Could each entry below be written out exactly, with every picture dropped?

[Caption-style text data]
== Segment start ==

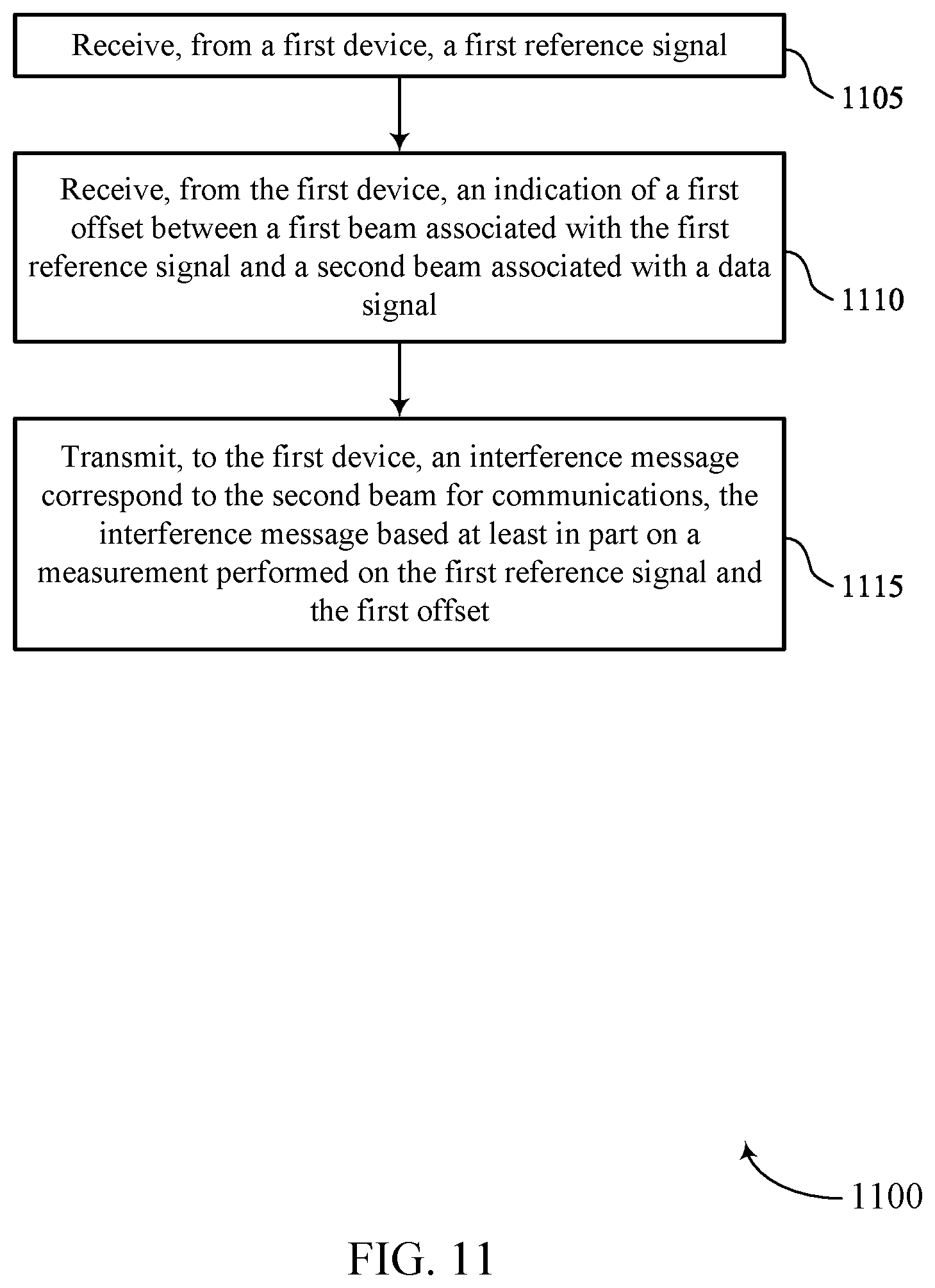 Patent US12395290 Figure 12 – Techniques for indicating a synchronization signal block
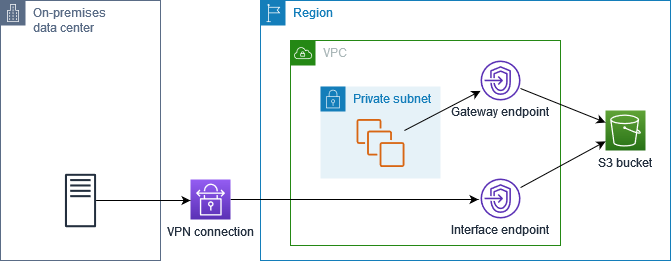 Amazon S3 meminta perutean dengan titik akhir Resolver pribadi DNS dan inbound.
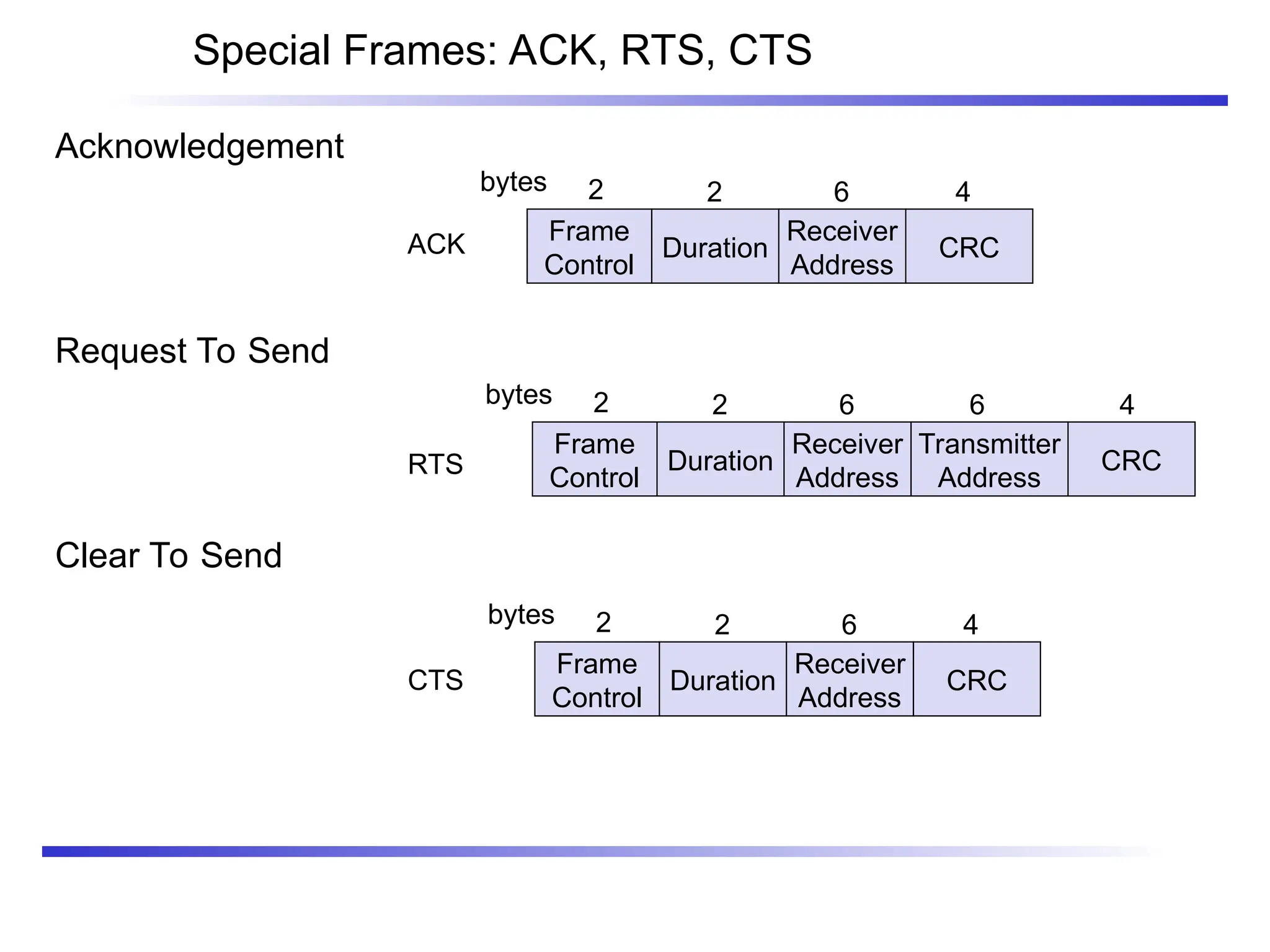 Special Frames: ACK, RTS, CTS
Acknowledgement
Request To Send
Clear To Send
Frame
Control
Duration
Receiver
Address
Transmitter
Address
CRC
2 2 6 6 4
bytes
Frame
Control
Duration
Receiver
Address
CRC
2 2 6 4
bytes
Frame
Control
Duration
Receiver
Address
CRC
2 2 6 4
bytes
ACK
RTS
CTS
 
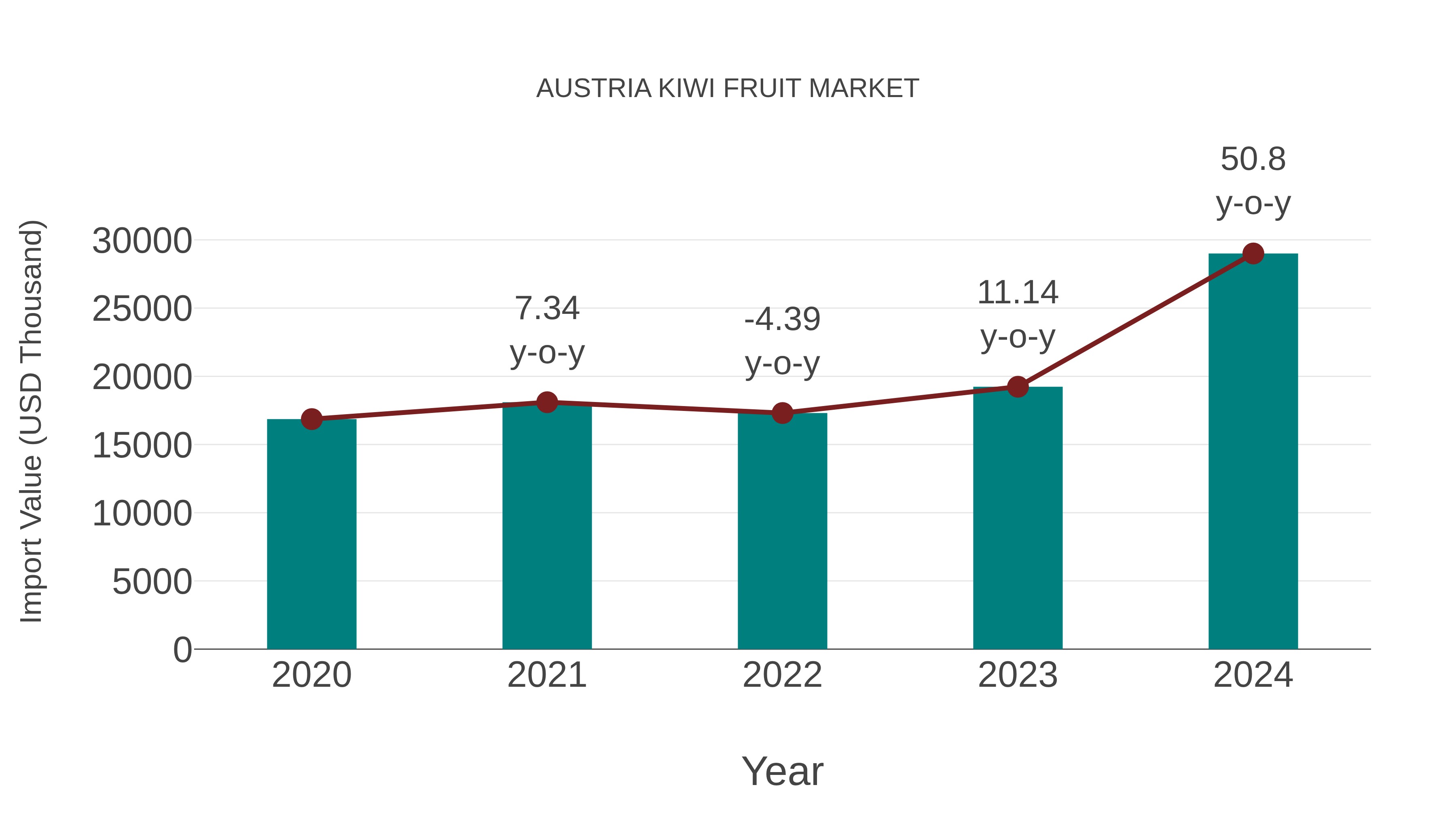 Austria Kiwi Fruit Market: Import Trend Analysis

== Segment end ==

Solution for this task>
 Patent US12395290 Figure 12 – Techniques for indicating a synchronization signal block
 Amazon S3 meminta perutean dengan titik akhir Resolver pribadi DNS dan inbound.
 Special Frames: ACK, RTS, CTS
Acknowledgement
Request To Send
Clear To Send
Frame
Control
Duration
Receiver
Address
Transmitter
Address
CRC
2 2 6 6 4
bytes
Frame
Control
Duration
Receiver
Address
CRC
2 2 6 4
bytes
Frame
Control
Duration
Receiver
Address
CRC
2 2 6 4
bytes
ACK
RTS
CTS
 
 Austria Kiwi Fruit Market: Import Trend Analysis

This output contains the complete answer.